The sun is completely ionized, though, so there exist only electrons and nuclei. Ignore the electrons, because they're small (they don't count and don't collide with anything), and give it another shot.

Here's the complete story. A star contracts and heats until its core reaches something in the neighborhood of 10 million Kelvin, at which point nuclear burning sets in and the star reaches a long-lasting equilibrium state. At this point, we don't know the exact core temperature, but we do know it roughly because that's the temperature where you start to get a lot of nuclear burning. According to the force balance in the star, at that temperature it must have a certain radius to have pressure balance gravity. If you know the temperature and the radius, you know the radiative energy content. To go from there to luminosity, you only need to know the time photons take to escape on average from the star. None of that requires any detailed understanding of the nuclear burning rate, yet we have a good estimate of the luminosity. Now we use that luminosity to calculate what the core temperature would need to be to supply that luminosity, and iterate any smal errors we encounter. It converges very quickly. However, if you were to try it the other way, and use your rough core temperature estimate to get the luminosity, you'd be way off and you could never get the right answer to converge, because you've inverted the logic that the star itself, in some sense, is using.

To see that the star itself is using the logic I claim, imagine that the physics of fusion suddenly changes, and you need a 10% higher temperature to give the same luminosity you had before. Would the star's luminosity just drop because the new fusion rate is lower, or would the core temperature just jump up the necessary 10% to re-establish the old luminosity? It would be kind of a combination of the two, but the extreme temperature sensitivity of fusion would guarantee that the result would me more like the latter case. So that's what I mean by luminosity causing the core temperature. And I do mean luminosity, not flux density.
The temperature profile must be consistent with both the luminosity and the fusion rate, that's certainly true. The issue is, which needs to know about the other? Luminosity does not need to know anything about nuclear fusion, and if fusion was turned off in the Sun tomorrow, the luminosity wouldn't really change, the Sun would just start evolving faster. But the fusion rate does need to know what the luminosity is, and if you increased the opacity so that light had a harder time escaping, both the luminosity and the nuclear burning rate would go down as they readjust to the new opacity.
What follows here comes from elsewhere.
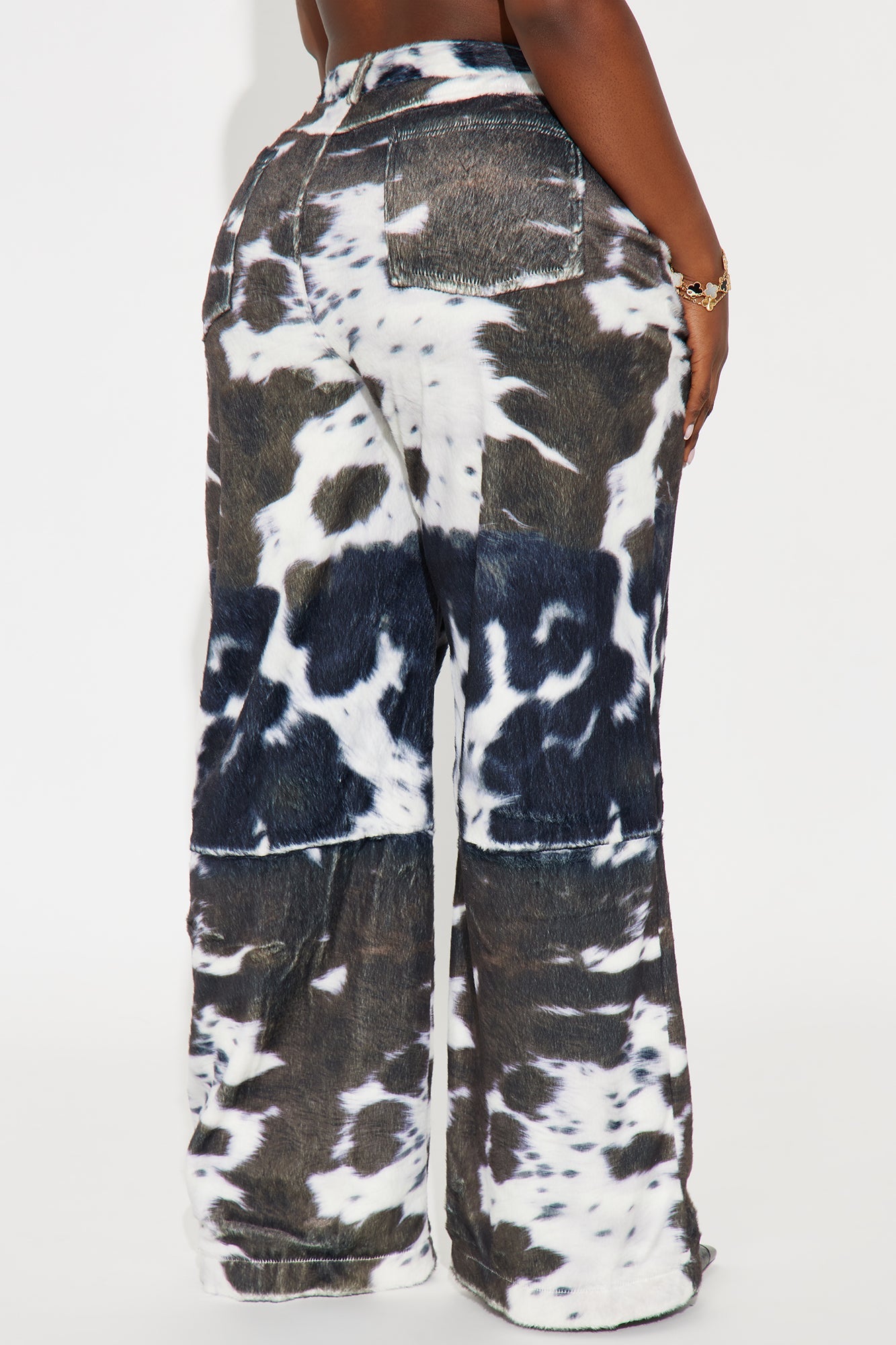 Early Dawn Faux Fur Cow Print Wide Leg Pant 33 - Black/White 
This seems overstated, or over-interpreted . The luminosity of a 100w light bulb has no causal effect on the amperage through the filament, nor does my bathroom scale cause me to be a certain mass. However, they both are great indicators of what is really there.

I believe you are thinking in a math sense? Since we can't directly measure core energy production - maybe neutrino meters will be effective someday - but we can measure luminosity, then luminosity becomes the main variable to help solve for core activity, right?


I would assume the latter would be the case. You have a given - luminosity. If the equation of state is altered and the luminosity is known, the core's energy production rate, from the equation, would jump up the 10% (not necessarily temperature).

Why would luminosity change? Luminosity doesn't care what equation we have wrong, so it won't adjust. It simply radiates all the energy that is produced, if in a steady state.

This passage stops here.